Marvel maintained a very low head count of approximately 250 employees, all full time. In order to save the company about half a million dollars annually, I served as both the chief executive and chief financial officer for about two years during the turnaround phase. This was pre-Sarbanes-Oxley Act. This also allowed me to stay close to the numbers and follow the details of our progress during that critical early stage.

All these steps and this frugal culture have clearly benefited Marvel. We've won several awards for our productivity as measured by cash flow per employee, which recently has been well in excess of $1.5 million per year.
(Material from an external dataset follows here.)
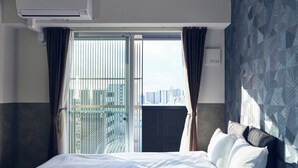 A hotel room with a bed, a window with curtains, and a city view. - MONTANA WING YEBISU (Osaka)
This whole culture, by the way, has been magnetic for some of the best executives in the business. Savvy people are drawn to the pay-for-performance model and the philosophy behind conscientious daily spending but with big rewards for accomplishments. Our best employees have always been people who would desire the big bonus check over the luxury office suite. Plus, the low headcount has meant minimal layers of management and bureaucracy, so that each individual had the power to focus on solving his or her problems and could have a visible hand in building the business. This atmosphere has attracted self-starters and creative thinkers all of whom have contributed greatly to Marvel's decade of growth and success.

What do you think attracted Disney to Marvel?

I believe Disney recognized the value of Marvel's intellectual property and how it could be integrated into its other businesses. Bob Iger reached out personally to Perlmutter and has shown a great deal of imagination in envisioning how to integrate Marvel's content and outstanding talent into Disney's array of businesses. Marvel's worldwide presence will greatly expand in this way.

Marvel's core male demographic complements the demographic for the Disney library of characters. Of course, some of Marvel's franchises, like Spiderman, appeal to consumers of all ages.

Bob Iger is a smart, people-oriented leader who knows how to allow different cultures to coexist in one entity, as evidenced by the successful purchase of Pixar. I think he will take a similar approach with Marvel. I know Disney will respect Marvel's creativity, and I wish them all the best.